Простолюдин, идущий в каторгу, приходит в свое общество, даже, может быть, еще в более развитое. Он потерял, конечно, много – родину, семью, всё, но среда его остается та же. Человек образованный, подвергающийся по законам одинаковому наказанию с простолюдином, теряет часто несравненно больше его. Он должен задавить в себе все свои потребности, все привычки; перейти в среду для него недостаточную, должен приучиться дышать не тем воздухом… Это – рыба, вытащенная воды на песок <…> Нет; важнее всего этого то, что всякий из новоприбывающих в остроге через два часа по прибытии становится таким же <…> равноправным хозяином в острожной артели, как и всякий другой. Он всем понятен, и сам всех понимает, всем знаком, и все считают его за
Горянчиков жалуется, насколько трудней в каторге «благородному», потому что он не принадлежит к общему обществу – а как насчет горцев, поляков, староверцев и русских политических, коль скоро они тоже не принадлежат? Но судя по всему, идея пожертвовать своей индивидуальностью, чтобы стать «одним из всех», вовсе не близка им, они живут в остроге, сохраняя свою отделенность и отнюдь не мучаясь ей, как мучается Горянчиков-Достоевский. Любопытно еще, как поразительно внезапно оборвались его отношения в каторге с Дуровым. Ведь они с Дуровым были особенно близки, если втайне от Петрашевского приобрели печатный станок, чтобы заниматься активной революционной деятельностью – каким же образом Дуров так внезапно исчез из жизни Достоевского? Это был человек, на которого особенно мог опереться в первое время каторги Горянчиков – но Горянчиков одержим не тем:
В это первое лето я скитался по острогу почти один-одинешенек. Я сказал уже, что был в таком состоянии духа, что даже не мог оценить и отличить тех каторжных, которые могли бы любить меня, которые и любили меня впоследствии, хоть и никогда не сходились со мной на равную ногу. Были товарищи и мне, из дворян, но не снимало с души моей всего бремени это товарищество.

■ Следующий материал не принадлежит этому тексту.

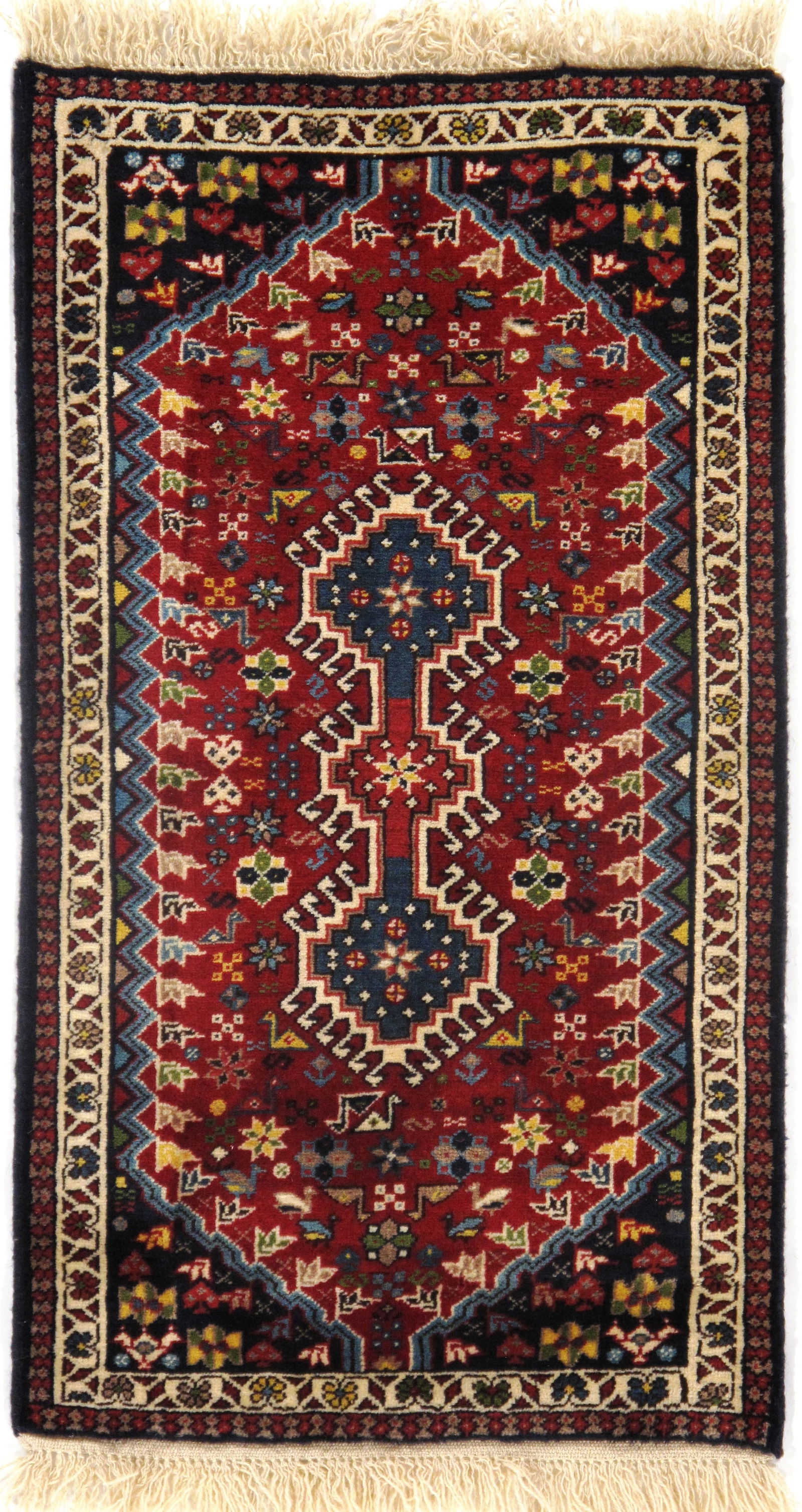 Red Persian yalameh 2' X 3'9": Red Persian yalameh 2' X 3'9" - New, Yalameh, Hand-Knotted, Lamb's Wool, 300 -D09559- 862.This item is part of our fine auction collection which includes many fine home accessories including antique r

Желанию Горянчикова стать одним из членов общества разбойников приходит конец, когда каторга строится, чтобы выразить майору жалобу на плохую еду. Узнав о наступающем событии, Горянчиков суетится и выражает желание присоединиться к протестующим, хотя ухудшение диеты на нем лично не отражается, поскольку он ест «от себя». Наказание же за такой протест для него будет особенно суровым (в этот момент политические поляки, кстати, говорят с ним, как с политическим, – малозначащая непоследовательность автора). Желание Горянчикова на поверхности трогательно, потому что оно «благородно» с точки зрения развитых людей. Но каторга живет другими понятиями, богатей Газин не станет рисковать шкурой и выходить протестовать ради благородной идеи товарищества, и для каторги это будет нормально – напротив, ненормально было бы, если бы он вышел и тут же потерял весь свой авторитет из-за такого нелепого поступка. То, что Горянчиков так по-интеллигентски заволновался и пожелал присоединиться к строю, выглядит по-детски наивно и смешно, и немудрено, что каторжане улюлюкают ему вслед: они воспринимают ненавистных дворян, этих «железных носов», во всей их враждебной цельности, в которую входит и то самое «нравственное превосходство». Горянчиков несерьезен, потому что у него есть какие-то непонятные на каких-то ходулях принципы (основывающиеся на «взгляде вниз»), а каторжане из народа от таких принципов избавлены.